Baseball owners give tentative approval to some big league changes As owners ponder changes, action heats up on antitrust exemption


PHOENIX -- Major league baseball owners gave "preliminary approval" yesterday to three-division realignment within the National and American leagues, interleague play and expansion of the playoffs from four to eight teams, beginning with the 1995 season.

Milwaukee Brewer owner Bud Selig, the commissioner pro-tem, said the "sentiment was overwhelming in favor" at a meeting of all 28 clubs of adding four teams and an extra week to the postseason. Asked if there was much opposition, Mr. Selig replied: "There were no cases of cardiac arrest."

A "limited" interleague schedule of 10 to 20 games for each team also is likely. While the straw vote taken during a joint session of owners is not binding, it indicates the likelihood these revolutionary changes will be approved when put to a formal vote in a few months.

The changes also must be approved by the Players Association and could be tied to a change in the collective bargaining agreement.

"I would hope, for once in their lives, the owners would try to develop something with us from square one. Or, if we're past square one, from square two," said Donald Fehr, the union's executive director.

While the owners concluded their regularly scheduled quarterly meeting here, U.S. Sen. Howard Metzenbaum, D-Ohio, introduced legislation in Washington that would repeal baseball's antitrust exemption. A companion bill is before the U.S. House of Representatives.

Mr. Metzenbaum, chairman of the Subcommittee on Antitrust, Monopolies and Business Rights, insists baseball should be stripped of its antitrust immunity so "more games would be available on free television," expansion possibilities would be enhanced and the formation of a third major league would be encouraged.

Mr. Metzenbaum had said during December hearings that hTC baseball also must replace the fired Fay Vincent with "a strong and independent commissioner" to protect the fans' interests.

Mr. Selig, in his news conference here, responded that Mr. Metzenbaum was off base in his belief the public would be better served if the exemption, in effect since 1922, was lifted.

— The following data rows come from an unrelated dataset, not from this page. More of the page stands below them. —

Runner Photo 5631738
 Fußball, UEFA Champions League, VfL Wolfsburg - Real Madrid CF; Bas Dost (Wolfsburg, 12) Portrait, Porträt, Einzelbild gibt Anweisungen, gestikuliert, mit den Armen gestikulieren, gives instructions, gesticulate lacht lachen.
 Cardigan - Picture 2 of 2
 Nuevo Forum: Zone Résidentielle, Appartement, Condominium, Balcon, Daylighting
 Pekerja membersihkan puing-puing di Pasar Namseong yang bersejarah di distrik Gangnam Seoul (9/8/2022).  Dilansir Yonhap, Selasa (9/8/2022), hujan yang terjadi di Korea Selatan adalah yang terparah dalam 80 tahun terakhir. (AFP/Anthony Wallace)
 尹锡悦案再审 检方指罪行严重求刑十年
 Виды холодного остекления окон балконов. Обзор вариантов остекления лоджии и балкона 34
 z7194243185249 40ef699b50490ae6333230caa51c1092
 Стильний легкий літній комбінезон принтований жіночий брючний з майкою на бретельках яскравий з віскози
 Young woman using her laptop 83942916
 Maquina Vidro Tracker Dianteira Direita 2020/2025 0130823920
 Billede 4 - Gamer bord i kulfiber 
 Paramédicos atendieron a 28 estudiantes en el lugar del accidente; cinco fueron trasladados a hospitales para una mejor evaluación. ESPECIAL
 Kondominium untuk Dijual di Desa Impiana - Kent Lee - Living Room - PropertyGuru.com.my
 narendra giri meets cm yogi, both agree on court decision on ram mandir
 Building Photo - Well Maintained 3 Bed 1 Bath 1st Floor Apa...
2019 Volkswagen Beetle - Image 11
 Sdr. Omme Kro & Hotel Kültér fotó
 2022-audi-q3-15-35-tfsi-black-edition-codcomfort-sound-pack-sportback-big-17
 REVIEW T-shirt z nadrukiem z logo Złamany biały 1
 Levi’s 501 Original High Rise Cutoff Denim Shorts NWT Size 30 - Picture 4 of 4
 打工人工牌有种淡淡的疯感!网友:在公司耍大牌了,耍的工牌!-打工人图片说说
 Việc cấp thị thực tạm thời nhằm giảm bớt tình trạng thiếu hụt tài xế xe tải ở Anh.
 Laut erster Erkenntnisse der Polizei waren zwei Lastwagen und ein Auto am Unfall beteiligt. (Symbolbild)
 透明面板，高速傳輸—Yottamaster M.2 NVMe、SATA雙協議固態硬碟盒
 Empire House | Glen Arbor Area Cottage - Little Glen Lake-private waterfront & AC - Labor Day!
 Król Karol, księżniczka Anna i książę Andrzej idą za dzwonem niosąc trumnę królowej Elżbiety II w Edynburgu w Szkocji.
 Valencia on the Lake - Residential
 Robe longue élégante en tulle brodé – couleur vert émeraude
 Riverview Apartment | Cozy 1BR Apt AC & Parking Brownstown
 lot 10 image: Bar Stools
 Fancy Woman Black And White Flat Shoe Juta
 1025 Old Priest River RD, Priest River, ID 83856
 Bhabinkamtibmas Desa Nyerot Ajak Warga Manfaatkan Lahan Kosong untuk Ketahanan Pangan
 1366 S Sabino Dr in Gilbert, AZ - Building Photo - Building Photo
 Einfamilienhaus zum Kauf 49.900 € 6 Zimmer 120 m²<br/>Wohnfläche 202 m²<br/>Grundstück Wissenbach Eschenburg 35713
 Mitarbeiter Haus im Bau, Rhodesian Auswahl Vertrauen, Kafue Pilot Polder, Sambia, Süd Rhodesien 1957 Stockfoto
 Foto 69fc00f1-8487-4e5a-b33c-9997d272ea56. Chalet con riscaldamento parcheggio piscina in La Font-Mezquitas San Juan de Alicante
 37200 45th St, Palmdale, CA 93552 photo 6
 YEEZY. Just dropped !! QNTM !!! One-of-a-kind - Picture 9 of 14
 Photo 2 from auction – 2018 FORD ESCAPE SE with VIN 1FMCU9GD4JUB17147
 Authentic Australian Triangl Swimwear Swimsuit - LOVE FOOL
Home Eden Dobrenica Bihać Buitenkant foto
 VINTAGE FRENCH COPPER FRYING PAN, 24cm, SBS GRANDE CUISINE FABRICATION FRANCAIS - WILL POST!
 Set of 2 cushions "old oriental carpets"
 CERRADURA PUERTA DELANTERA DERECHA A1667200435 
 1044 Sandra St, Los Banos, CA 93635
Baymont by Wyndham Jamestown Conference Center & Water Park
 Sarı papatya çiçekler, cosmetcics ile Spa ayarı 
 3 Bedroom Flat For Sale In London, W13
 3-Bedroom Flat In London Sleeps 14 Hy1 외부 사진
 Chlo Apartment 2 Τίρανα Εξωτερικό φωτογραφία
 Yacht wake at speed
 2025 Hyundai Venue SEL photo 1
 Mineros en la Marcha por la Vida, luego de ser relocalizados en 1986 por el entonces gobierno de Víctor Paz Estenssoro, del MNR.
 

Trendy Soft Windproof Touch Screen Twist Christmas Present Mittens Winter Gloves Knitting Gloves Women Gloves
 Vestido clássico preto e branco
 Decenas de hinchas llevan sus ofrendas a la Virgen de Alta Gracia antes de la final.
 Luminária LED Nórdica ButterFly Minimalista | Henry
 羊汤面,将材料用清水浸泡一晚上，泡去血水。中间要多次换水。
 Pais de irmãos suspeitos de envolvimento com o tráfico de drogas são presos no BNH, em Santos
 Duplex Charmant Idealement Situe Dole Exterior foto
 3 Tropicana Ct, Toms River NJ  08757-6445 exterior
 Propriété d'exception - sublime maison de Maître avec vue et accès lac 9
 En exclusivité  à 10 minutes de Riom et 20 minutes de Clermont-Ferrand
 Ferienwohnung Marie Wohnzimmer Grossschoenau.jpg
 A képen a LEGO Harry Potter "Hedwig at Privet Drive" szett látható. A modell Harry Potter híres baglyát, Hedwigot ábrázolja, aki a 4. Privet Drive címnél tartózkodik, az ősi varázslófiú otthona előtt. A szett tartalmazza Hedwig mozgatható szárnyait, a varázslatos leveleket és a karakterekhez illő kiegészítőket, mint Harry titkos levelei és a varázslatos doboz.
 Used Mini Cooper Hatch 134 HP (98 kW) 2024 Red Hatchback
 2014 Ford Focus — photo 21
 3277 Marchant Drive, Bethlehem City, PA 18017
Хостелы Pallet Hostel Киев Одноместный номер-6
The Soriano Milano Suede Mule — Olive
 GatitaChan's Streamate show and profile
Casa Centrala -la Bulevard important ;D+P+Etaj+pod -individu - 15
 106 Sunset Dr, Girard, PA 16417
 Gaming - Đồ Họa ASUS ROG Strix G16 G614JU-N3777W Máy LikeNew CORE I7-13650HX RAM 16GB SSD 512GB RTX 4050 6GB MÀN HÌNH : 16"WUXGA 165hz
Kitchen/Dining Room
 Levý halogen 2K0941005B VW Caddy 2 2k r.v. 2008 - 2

Baseball was granted its immunity as a sport with intrastate business outside the jurisdiction of antitrust laws. That ruling by the Supreme Court reasoned the game had to be protected for the fans. The owners once believed the ruling would protect them in their financial dealings with players, but when the players negotiated for free agency, the antitrust exemption no longer applied.

Owners now say that because baseball operates outside the antitrust purview, it is much more difficult for a franchise, financially troubled or otherwise, to relocate and thus abandon fans in cities with existing teams.

"We just saw that happen in San Francisco," Mr. Selig said. "Once we found local buyers, we were able to prevent the Giants from moving to Florida. Also, Senator Metzenbaum has forgotten that if not for our exemption, he would have lost his Cleveland Indians years ago to a potentially more lucrative market."

The other three major professional sports -- football, basketball and hockey -- do not have the antitrust exemption and have had eight franchise moves since 1980. Baseball hasn't had any since 1972.

In Mr. Selig's realignment announcement, each league, which now has two seven-team divisions, would have three divisions beginning in 1995 -- two with five teams, one with four.

Under this arrangement, the three divisional champions in each league would advance to the playoffs, along with a "wild-card" team that has the best winning percentage among the second-place clubs. If the current 162-game schedule is not shortened, the season would be extended an additional week.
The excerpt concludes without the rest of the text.